The tottering point

Back in 2000 author Malcolm Gladwell’s best-seller “The Tipping Point” hit the bookstores. The book’s major discussion point is summed up by on-line dictionary Wikipedia as “the level at which the momentum for change becomes unstoppable.”

Though I’ve never read “The Tipping Point,” I’ve thought about the concept often.

The subtitle of “The Tipping Point” is “how little things can make a big difference.” And it’s true – little things can make all the difference. I saw this play out with my next door neighbors and their eccentric Cocker Spaniel. During week one of the dog’s stay, the lady of the house, told the humorous story of how the dog ate a family member’s slippers. “How cute!”

Next was the tale of mayhem caused when the dog somehow got up on the kitchen table just before meal time. “Hilarious!”

More stories followed including the pricey trip to the doggy psychiatrist. But when the dog lifted his leg to the family room sofa, the “momentum for change” reached the unstoppable point and the pooch was history. Lots of Lysol disinfectant was sprayed, but not a tear was shed.

Whereas “The Tipping Point” explores the moment when change is inevitable in one direction, there is a moment before the tipping point when things are not yet determined, where someone or something could take the matter in totally opposite directions. I call that moment “the tottering point” that unstable, undetermined point in time when things can go either way.

On the local scene the current sparring between the County Council and the Clerk of the Circuit Court seems to be at such a tottering point. This is a saga desperately overdue for a nickname, so I’m dubbing it “checkbook gate.” Something is going to happen in “checkbook gate.” Those bank numbers are going to get balanced or something’s going to change. Can you sense the tottering?

The tottering point can hit you personally. It can kick in on the family level, community level or on the national level.

Personally, my waist size seems to be perpetually at the tottering point of 35 inches. Thanksgiving tips me from 35 over to the 36-inch area, but a wedding to attend with enough advance notice tips me in the opposite direction towards my suit pants size of 34.

The other night we got carry out Chinese food. The dinner came in three plastic containers with resealable lids. They were sturdy containers and the lids fit tightly.

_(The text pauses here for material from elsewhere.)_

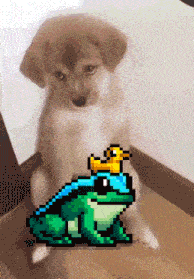 a pixel art of a dog and a frog with a crown on its head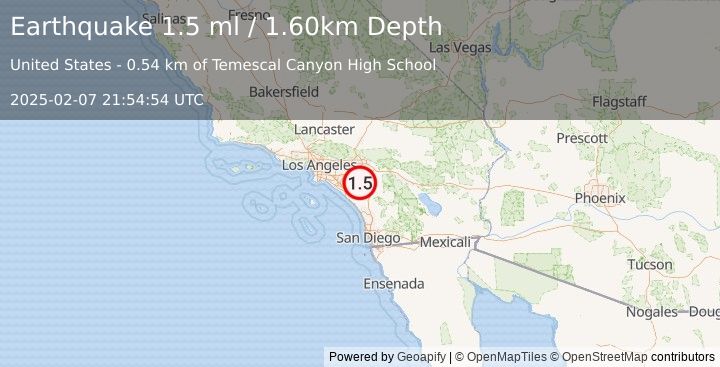 Earthquake 5 km NNW of Lake Elsinore, CA (1.5 ml) (2025-02-07 21:54:54 UTC)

“Let’s save those containers,” my wife said when we finished dinner.

In my legal career over many years it has fallen to me to serve as the executor for dozens of decedent’s estates. In carrying out executor duties, my helpers and I have dealt with numerous households where accumulations have gotten – to put it delicately – out of hand. One clear sign of out-ofhand accumulating is not knowing when enough is enough. And saving plastic containers is a real litmus test for when the old personal thrifty meter moves from practical to frugal and then to crowded and finally to certified cuckoo.

As I stood washing the containers at the kitchen sink, I pondered where my wife and I currently register on the plastic container hoarding meter. There have been times, dark times, when these tempting containers got the best of us. They and their companion lids would hold up in otherwise perfectly useable kitchen cabinets and would spring out at us whenever we disturbed them. But unless I missed a cabinet, we seem to currently be tottering at the frugal level and I tucked our new plastic containers in with the others with little trepidation.

I suppose a lot of life is spent at the tottering point where things could go either way. But self-knowledge is always helpful. This case is no exception. And from where I sit, I can see where too much take out food could move us away from tottering and into tipping – two fold: a husky guy waist and a kitchen overrun with plastic containers.

Fortunately, taped to our refrigerator door are two wedding invitations (RSVPs are already mailed). For the moment we’re safely tipped towards less carry-out food, a smaller waist and a minimum of tottering.